Last updated: 19th Jul 2026

What Ships in Every RapidNative-Generated React Native App

Every AI app builder makes the same implicit promise: describe your idea and get a working app. What almost none of them tell you upfront is what that app is actually built on — the runtime, the navigation library, the styling system, the icon set, the state management, the animation primitives. All of that matters. Change a UI library and you can rebuild a screen in an afternoon. Change a state management library and you are rewriting for a week.

At RapidNative we ship the same production-grade React Native starter template inside every generated app. No mystery bundle. No proprietary runtime. Just a versioned, opinionated Expo project you could clone by hand and recognize immediately. This post is a full audit of what is inside — the packages, the versions, the design decisions, and the choices we deliberately made not to ship.

If you are evaluating an AI React Native app generator, or just curious what a modern React Native starter template looks like in 2026, this is the blueprint.

React Native and Expo mobile development on a laptop Photo by Markus Spiske on Unsplash

Why the stack matters more than the AI

The best AI-generated code is worthless if it lives on an unmaintained foundation. That is the trap most no-code tools fall into — they generate something that looks great inside a browser preview but becomes a black box the moment you try to eject it. You cannot ship to the App Store. You cannot debug on a real device. You cannot hand it to a React Native developer to extend.

We chose the opposite path. Every RapidNative project is a real Expo app, using the same libraries a senior mobile team would pick if they were greenfielding a product today. If you export the code, you get a clean project that runs with npm install && npx expo start. There is no runtime translation layer. There is no proprietary component format.
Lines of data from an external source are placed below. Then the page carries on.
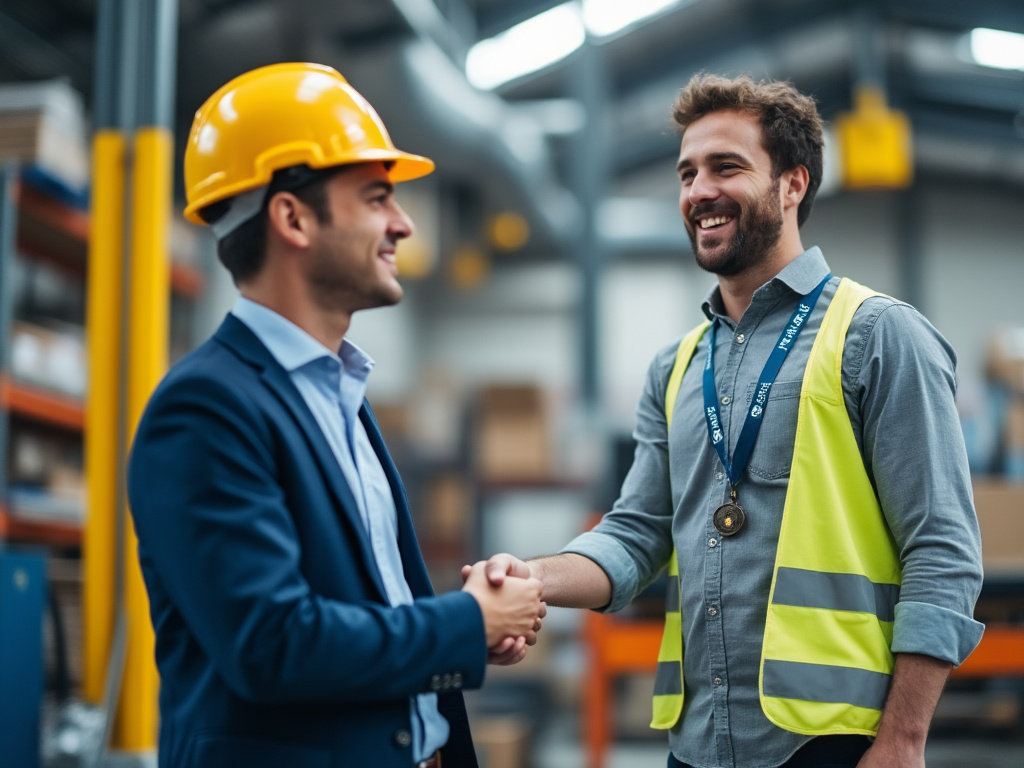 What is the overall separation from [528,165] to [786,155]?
7599mm

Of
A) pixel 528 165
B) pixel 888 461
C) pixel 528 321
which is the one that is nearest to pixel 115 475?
pixel 888 461

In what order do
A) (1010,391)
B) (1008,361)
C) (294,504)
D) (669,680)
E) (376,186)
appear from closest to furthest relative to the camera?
(294,504) → (376,186) → (669,680) → (1010,391) → (1008,361)

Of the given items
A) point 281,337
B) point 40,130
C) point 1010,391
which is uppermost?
point 40,130

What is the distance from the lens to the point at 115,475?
156 inches

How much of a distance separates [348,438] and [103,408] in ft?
8.47

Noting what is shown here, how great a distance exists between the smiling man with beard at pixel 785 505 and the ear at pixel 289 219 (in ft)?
2.02

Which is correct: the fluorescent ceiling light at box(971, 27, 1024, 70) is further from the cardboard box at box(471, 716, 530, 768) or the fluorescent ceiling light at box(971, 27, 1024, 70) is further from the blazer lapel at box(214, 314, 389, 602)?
the blazer lapel at box(214, 314, 389, 602)

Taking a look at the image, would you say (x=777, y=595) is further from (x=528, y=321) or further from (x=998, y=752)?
(x=528, y=321)

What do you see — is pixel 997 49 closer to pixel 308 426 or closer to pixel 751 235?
pixel 751 235

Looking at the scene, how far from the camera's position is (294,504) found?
4.92ft

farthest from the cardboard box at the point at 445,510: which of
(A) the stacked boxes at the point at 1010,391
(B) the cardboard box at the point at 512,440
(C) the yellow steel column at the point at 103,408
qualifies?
(C) the yellow steel column at the point at 103,408

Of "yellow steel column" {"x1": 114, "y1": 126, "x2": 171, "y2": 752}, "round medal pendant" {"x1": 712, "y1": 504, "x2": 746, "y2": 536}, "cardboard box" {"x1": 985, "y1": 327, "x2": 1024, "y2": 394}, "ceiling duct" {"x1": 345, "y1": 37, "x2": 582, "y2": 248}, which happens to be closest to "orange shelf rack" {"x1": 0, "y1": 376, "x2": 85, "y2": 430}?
"yellow steel column" {"x1": 114, "y1": 126, "x2": 171, "y2": 752}

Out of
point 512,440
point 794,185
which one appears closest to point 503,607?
point 794,185

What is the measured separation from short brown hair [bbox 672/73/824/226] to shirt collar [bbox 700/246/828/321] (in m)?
0.16
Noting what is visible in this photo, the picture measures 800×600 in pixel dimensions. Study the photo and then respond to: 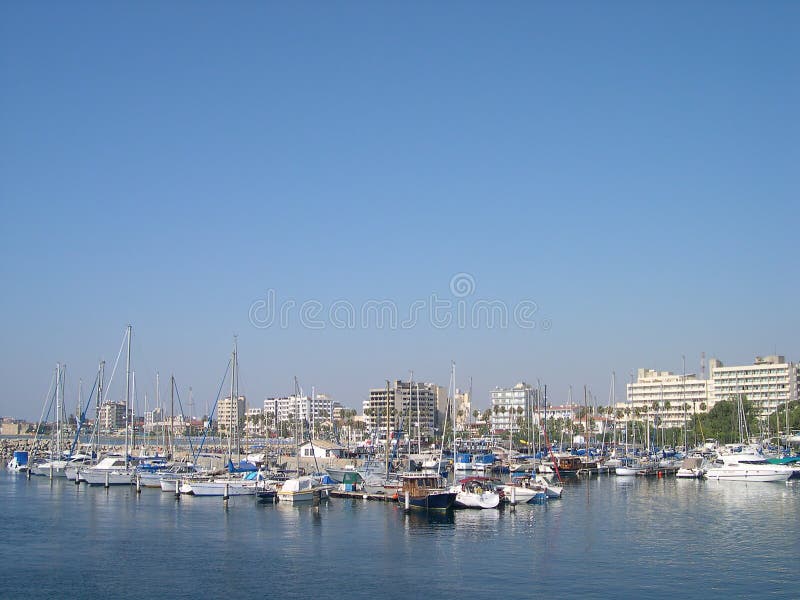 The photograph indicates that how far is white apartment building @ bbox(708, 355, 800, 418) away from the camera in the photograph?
157m

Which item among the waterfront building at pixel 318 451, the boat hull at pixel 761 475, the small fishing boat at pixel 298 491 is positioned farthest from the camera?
the waterfront building at pixel 318 451

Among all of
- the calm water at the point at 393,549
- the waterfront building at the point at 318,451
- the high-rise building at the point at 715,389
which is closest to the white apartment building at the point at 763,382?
the high-rise building at the point at 715,389

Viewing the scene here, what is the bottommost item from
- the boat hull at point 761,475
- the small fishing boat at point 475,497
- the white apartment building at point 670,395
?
the boat hull at point 761,475

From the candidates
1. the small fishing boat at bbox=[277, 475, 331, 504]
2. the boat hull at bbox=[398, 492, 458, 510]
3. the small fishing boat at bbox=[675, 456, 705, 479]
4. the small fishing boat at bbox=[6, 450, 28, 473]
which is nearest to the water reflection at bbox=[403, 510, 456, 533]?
the boat hull at bbox=[398, 492, 458, 510]

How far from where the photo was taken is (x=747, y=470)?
255 feet

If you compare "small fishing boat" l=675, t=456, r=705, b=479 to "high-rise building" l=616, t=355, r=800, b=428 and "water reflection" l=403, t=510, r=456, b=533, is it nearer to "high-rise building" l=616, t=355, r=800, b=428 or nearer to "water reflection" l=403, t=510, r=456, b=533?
"water reflection" l=403, t=510, r=456, b=533

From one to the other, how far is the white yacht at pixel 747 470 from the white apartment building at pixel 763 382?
78496mm

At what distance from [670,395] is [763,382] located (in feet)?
64.1

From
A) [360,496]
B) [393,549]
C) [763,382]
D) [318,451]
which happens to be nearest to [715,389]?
[763,382]

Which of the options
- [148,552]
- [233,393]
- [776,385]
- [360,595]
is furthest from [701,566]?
[776,385]

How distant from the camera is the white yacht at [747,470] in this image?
77.4 metres

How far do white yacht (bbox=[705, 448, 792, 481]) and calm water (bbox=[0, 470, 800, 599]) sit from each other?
16.4 metres

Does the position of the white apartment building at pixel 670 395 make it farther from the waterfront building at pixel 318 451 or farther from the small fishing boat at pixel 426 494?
the small fishing boat at pixel 426 494

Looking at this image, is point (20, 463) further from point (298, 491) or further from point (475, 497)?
point (475, 497) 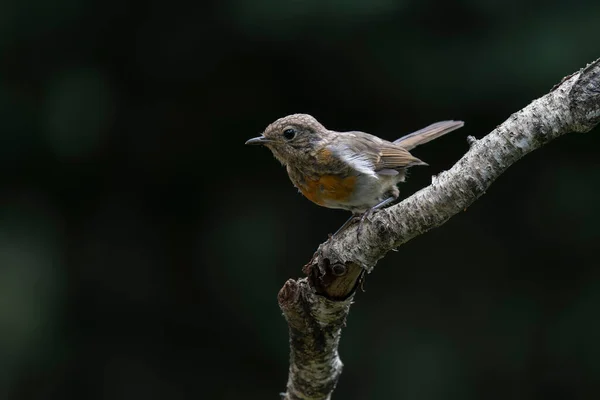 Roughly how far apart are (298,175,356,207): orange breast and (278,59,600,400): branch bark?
0.52m

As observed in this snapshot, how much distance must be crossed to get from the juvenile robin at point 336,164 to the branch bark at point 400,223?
0.50m

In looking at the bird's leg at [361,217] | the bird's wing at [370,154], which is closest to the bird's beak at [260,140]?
the bird's wing at [370,154]

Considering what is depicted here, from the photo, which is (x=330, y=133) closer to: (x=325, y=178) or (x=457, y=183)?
(x=325, y=178)

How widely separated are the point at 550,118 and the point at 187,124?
2.98m

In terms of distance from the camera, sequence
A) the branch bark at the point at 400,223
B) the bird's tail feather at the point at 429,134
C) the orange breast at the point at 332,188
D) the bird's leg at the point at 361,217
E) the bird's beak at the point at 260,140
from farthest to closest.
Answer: the bird's tail feather at the point at 429,134 → the bird's beak at the point at 260,140 → the orange breast at the point at 332,188 → the bird's leg at the point at 361,217 → the branch bark at the point at 400,223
What you see in the preview is what runs on device.

That decision cascades into every other stack choice below. Let's walk through it end to end.

The runtime foundation: Expo 54, React Native 0.81, React 19

Every generated app ships with the current stable versions of the core runtime:

  • Expo 54.0.13 — the managed workflow, EAS Build integration, and the entire expo-* module ecosystem
  • React Native 0.81.4 — the New Architecture is on by default; Fabric renderer and TurboModules are live
  • React 19.1.0 — Server Components on web preview, use hook, the new ref prop API
  • React DOM 19.1.0 — because every project also runs in the browser via react-native-web
  • TypeScript 5.9.3 — strict mode, no any in generated code

The choice of Expo over bare React Native was not close. Expo gives us EAS Build for iOS and Android artifacts without asking users to install Xcode. It gives us over-the-air updates without wiring CodePush by hand. It gives us expo-router, which we will get to next. And every expo-* module we use is vetted for the New Architecture — no more praying that react-native-vector-icons will work on a fresh install.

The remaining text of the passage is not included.